Equal Protection Under the Law – So Long As You’re Not A Christian

AUTHOR:



Month after month, more cases of Christians facing punitive and unjust discrimination in the marketplace of goods, services and ideas roll in. Whether you’re a faith-driven entrepreneur who rents out your private property for events or a photographer, florist, baker or tee shirt maker, your livelihood as a Christian seeking to steward your business in alignment with your faith and values is under threat like never before.

This should not be happening in a nation founded on religious liberty and freedom of speech and expression.

The latest case working its way through the courts involves a Washington state florist who is in the crosshairs of a judge who has determined that laws protecting religious freedom must take a back seat to laws that protect the LGBT community.

In a culture grounded in pluralism and identity group politics, it’s time for America to have a serious discussion about equal application of equal protections.

While the First Amendment of the U.S. Constitution clearly establishes religious freedom as a protected class, since the 1960s, local, state and national governments have passed laws establishing an expanded list of enumerated classes that merit protection in one form or another. And Corporate America has responded to the fast-evolving multicultural reality by implementing equal opportunity and non-discrimination policies that cover every imaginable distinction among employees and customers.

Truly, the twin gods of Diversity and Tolerance reign supreme in twenty-first century America.

But what happens when one group in a pluralistic society plays a winner-take-all game that tolerates no dissenting viewpoints and successfully mandates a social, legislative, judicial, and  marketplace agenda that punishes all who disagree—forcing them to violate their consciences or suffer the penalty?

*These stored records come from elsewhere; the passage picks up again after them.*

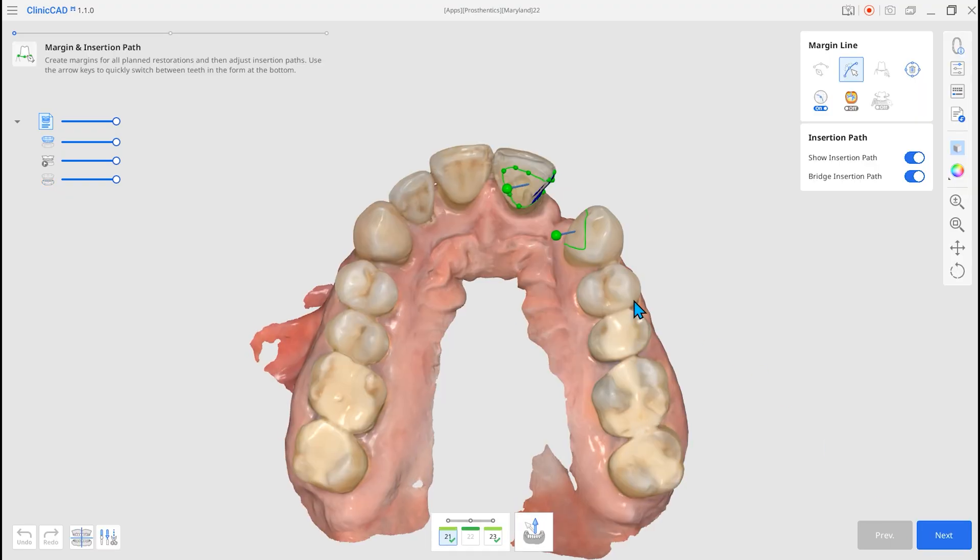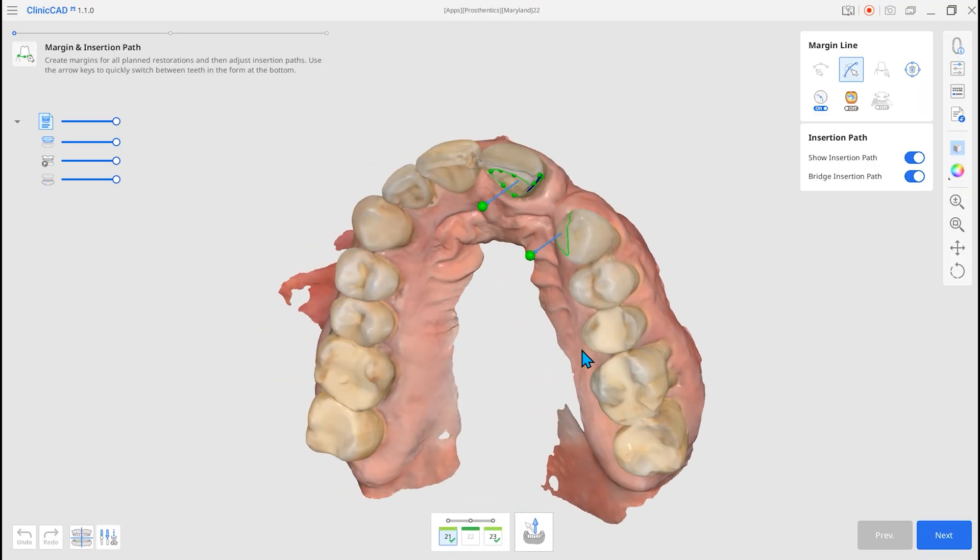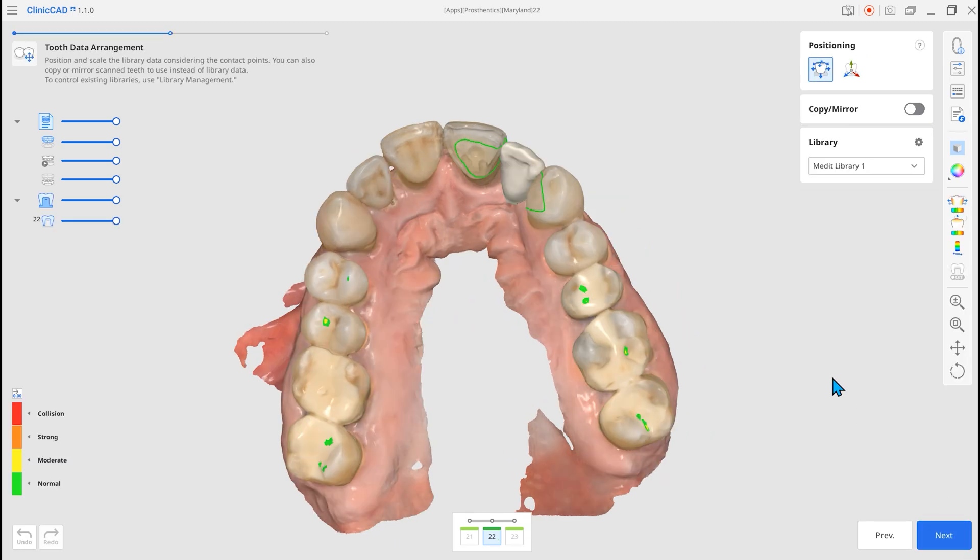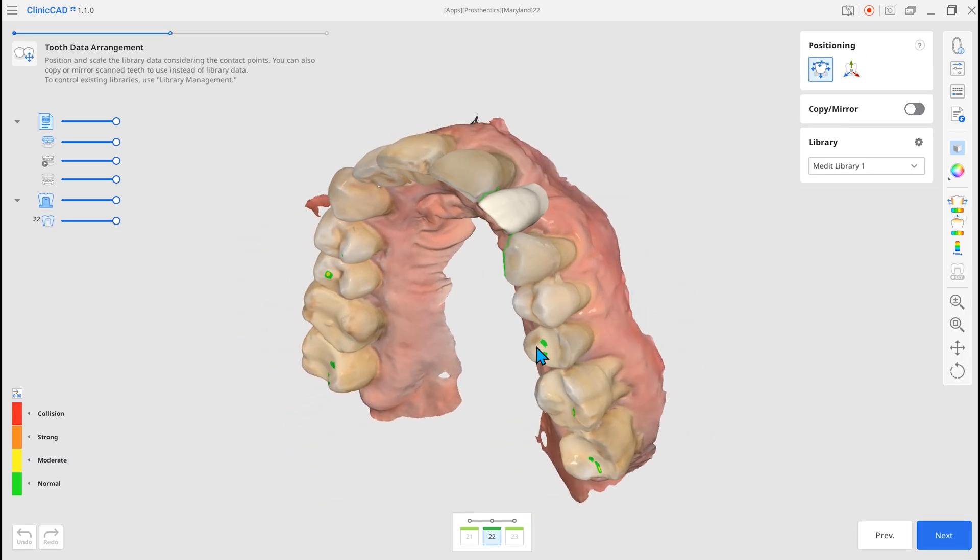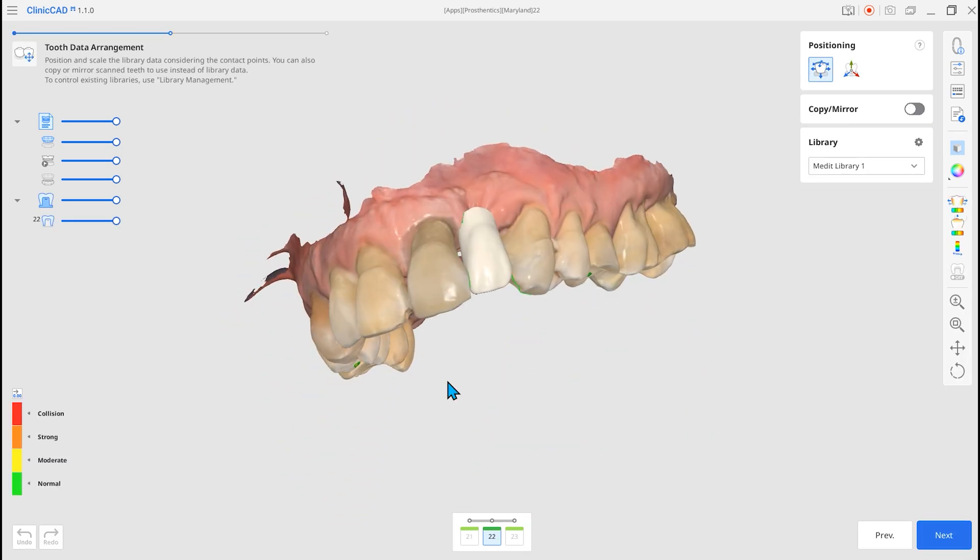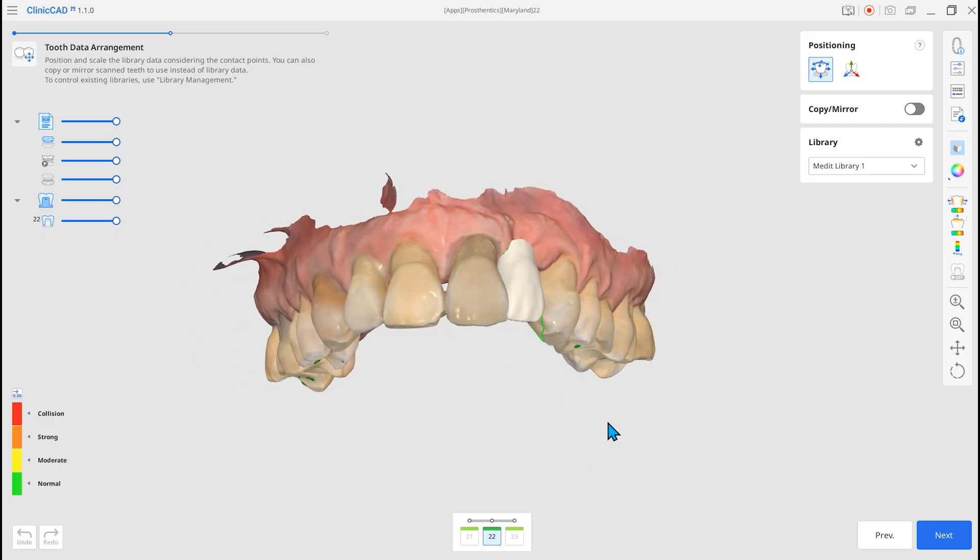Then set the margin line and the insertion path for the Maryland Wing. You can also adjust the position and size of the Maryland Pontic, and assign the library.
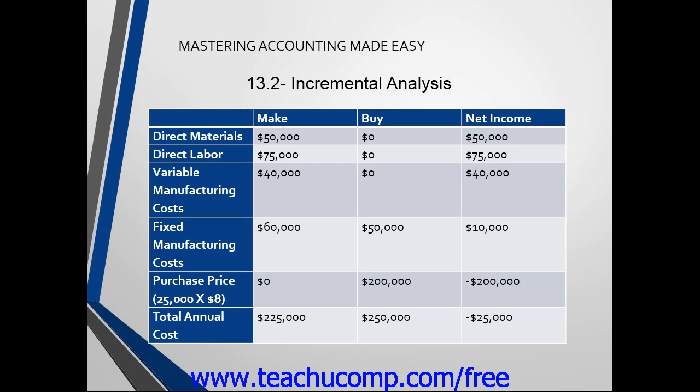Overall, incremental analysis identifies the financial data that changes under alternative courses of action. This can be very useful for managers to make decisions.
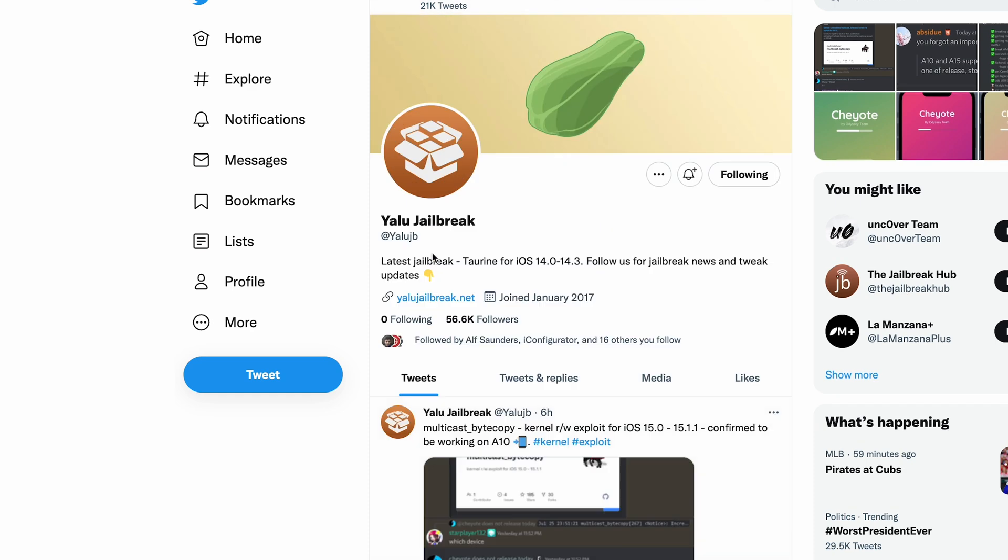The main video message is if you updated past 15.1.1, downgrade to 15.5 beta 4 ASAP before it's no longer signed by Apple. This is one of your last chances of getting a jailbreak on iOS 15.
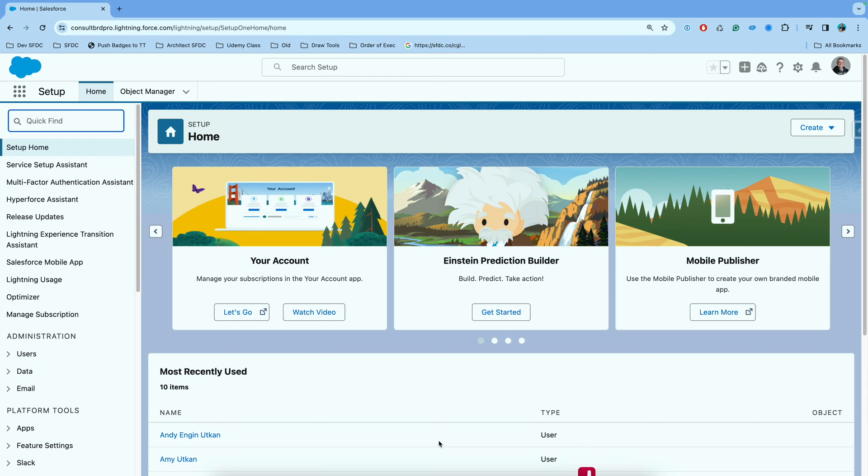If you don't set up your DKIM in your Salesforce org, that's going to hurt your email deliverability.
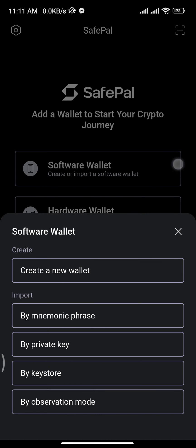If you want to create a new wallet you can tap on the first option. To import an existing wallet, tap on the 'By Mnemonic Phrase' option under the import section.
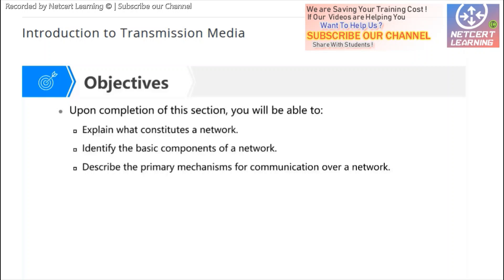The objective of this chapter is to list the network media widely used in networks today, and then explain the mechanisms of network devices and how to use the network media.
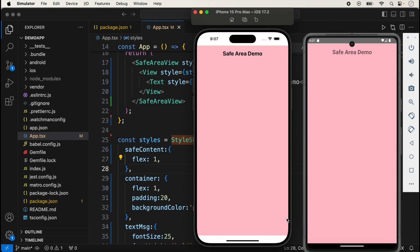It is only applicable in iOS. The main purpose of SafeAreaView is providing automatic padding in iOS. I hope this video is very helpful for understanding SafeAreaView.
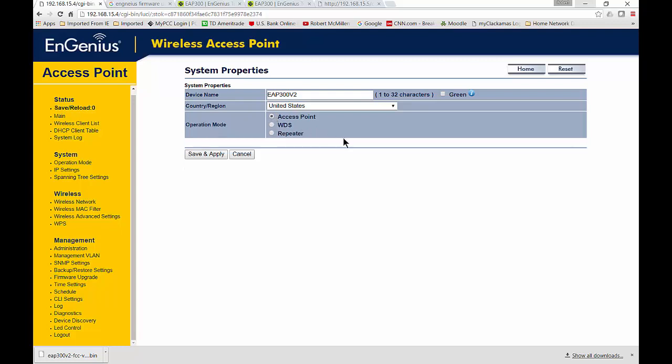The first access point is going to be your default. That is if you have a single wireless access point and you don't want to have any other access points associated with this particular one. It does all the security itself, all the authentication and authorization. That is the default for most of your home versions of your EnGenius wireless access point.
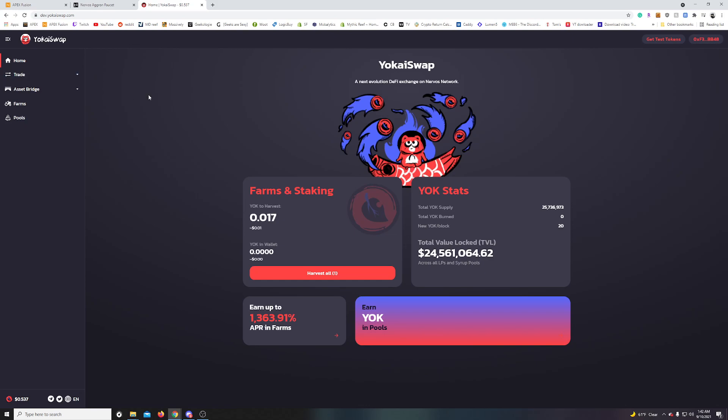But this is actually testnet. So as long as you have a MetaMask, I got a fresh one plugged in at the top here. As long as you're at the URL dev.yokaswap.com, that's spelled just at the top here. Now you can hop right on the testnet. I do need the MetaMask though. So you'll have a connect button up here. Just connect your mask. I'll just walk you through how to grab some tokens.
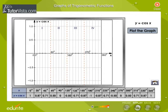The table shows the values of x in degrees and the corresponding values of cos x. Click on each value to plot the points on the graph sheet.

This is the crux of what’s playing out across the nation as the LGBT-rights juggernaut comes head to head with biblically orthodox faith. Today, it’s Christians who face the harsh consequences of an unequal application of equal protection laws. Tomorrow, which “out group” will be next?

Unless each group’s respective values can be accommodated in the rainbow of diversity, somebody’s going to get trampled on.

And based on recent polls, Americans are not in favor of religion being relegated to second-class status. In one poll a slight majority of Americans said they support gay marriage, yet nearly a third were ambivalent.  Perhaps more significant in another poll, a staggering majority—85%— said that Christians who disagree with gay marriage shouldn’t be forced to violate their faith in order to accommodate it.

Here, we see that most Americans are fair-minded and want to make space for each group in our culture to have the freedom to live in accordance with their respective values and worldview. It seems that a clear majority think it’s fundamentally unfair for the government to force Christians to violate their consciences in order to participate in the economic arena—particularly when everybody knows that there are plenty of businesses across the nation ready, willing and able to print tee shirts for gay pride parades or offer the space, flowers, cakes and photography for gay weddings and commitment ceremonies.

Has the LGBT community overplayed its hand? Time will tell.

However, given that the inherently American principle of equal application of equal protection is alive and well, it’s time for Corporate America to not only give serious consideration, but lead the way, to create a balance in the marketplace where the values and worldview of each respective group in the rainbow of diversity—including faith-driven Christians—is welcomed and respected in ways that demonstrate true tolerance for all.